»»

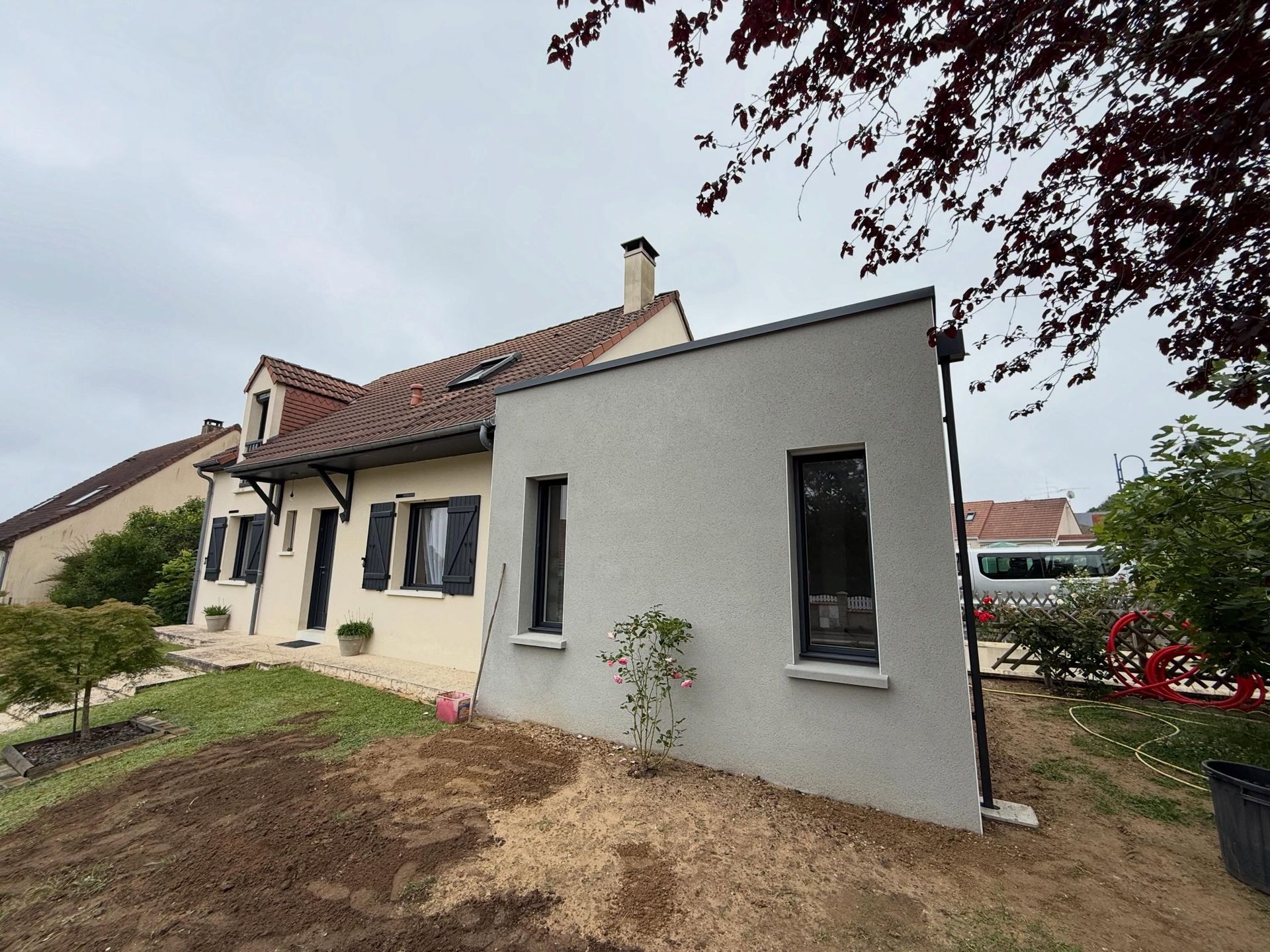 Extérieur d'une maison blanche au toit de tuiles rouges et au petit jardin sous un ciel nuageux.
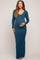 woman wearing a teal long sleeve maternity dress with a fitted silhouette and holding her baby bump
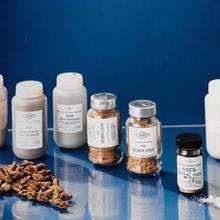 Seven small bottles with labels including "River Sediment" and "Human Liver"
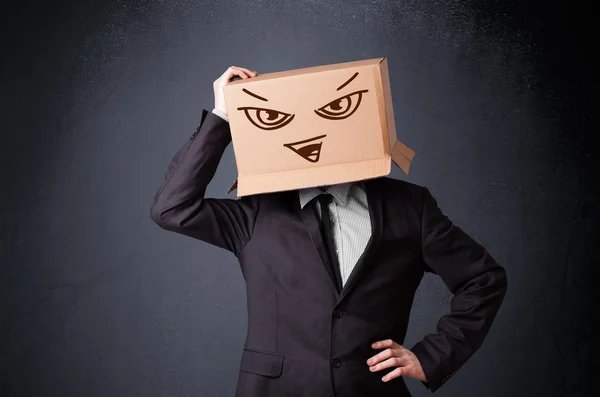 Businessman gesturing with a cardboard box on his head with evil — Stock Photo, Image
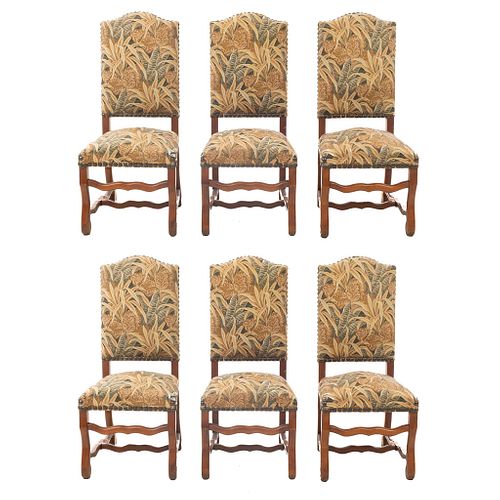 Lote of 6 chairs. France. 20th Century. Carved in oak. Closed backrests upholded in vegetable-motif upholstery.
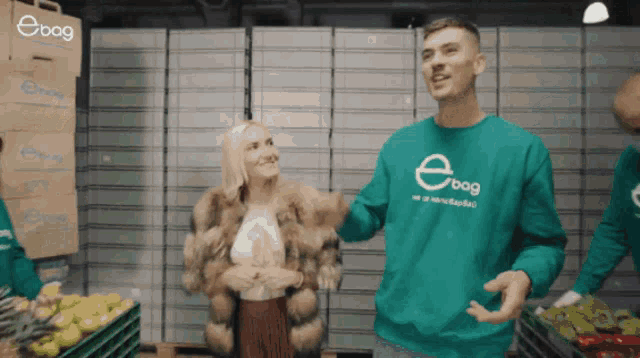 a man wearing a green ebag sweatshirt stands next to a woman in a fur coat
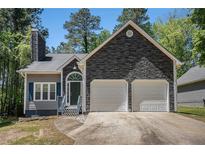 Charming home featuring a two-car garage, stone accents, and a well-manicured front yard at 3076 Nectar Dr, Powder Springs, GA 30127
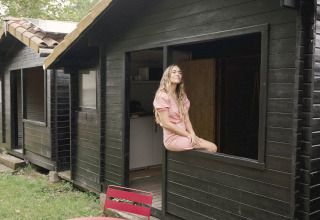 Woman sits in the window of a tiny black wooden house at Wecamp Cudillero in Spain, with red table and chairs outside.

««
»»

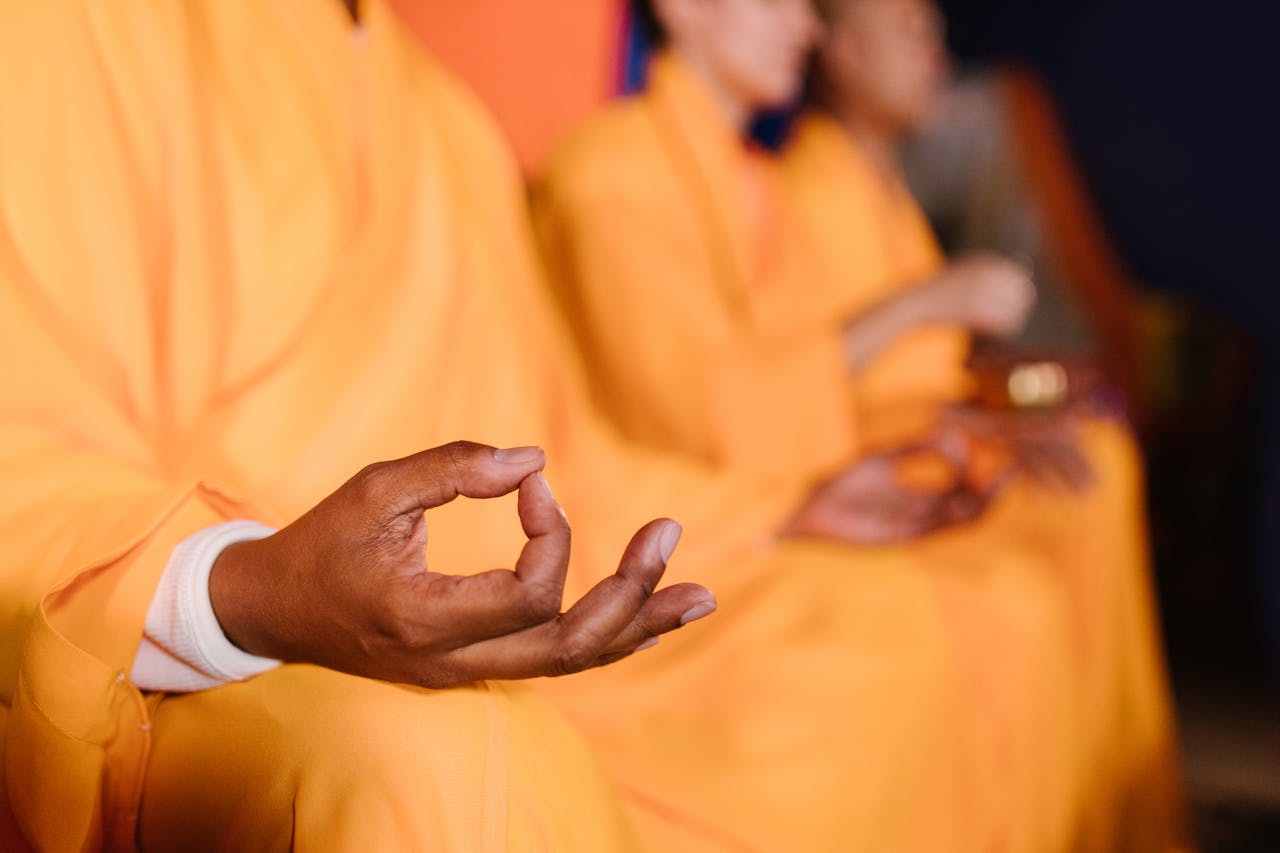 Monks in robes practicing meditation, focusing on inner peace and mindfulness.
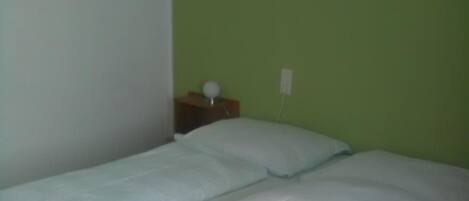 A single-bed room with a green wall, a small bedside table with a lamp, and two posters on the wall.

««

# Aim of the task
Return only the part above that opens with the line containing "Monks in robes" and closes with the line containing "A single-bed room", exactly and with both ends, skipping the pictures.

# Solved exercise
 Monks in robes practicing meditation, focusing on inner peace and mindfulness.
 A single-bed room with a green wall, a small bedside table with a lamp, and two posters on the wall.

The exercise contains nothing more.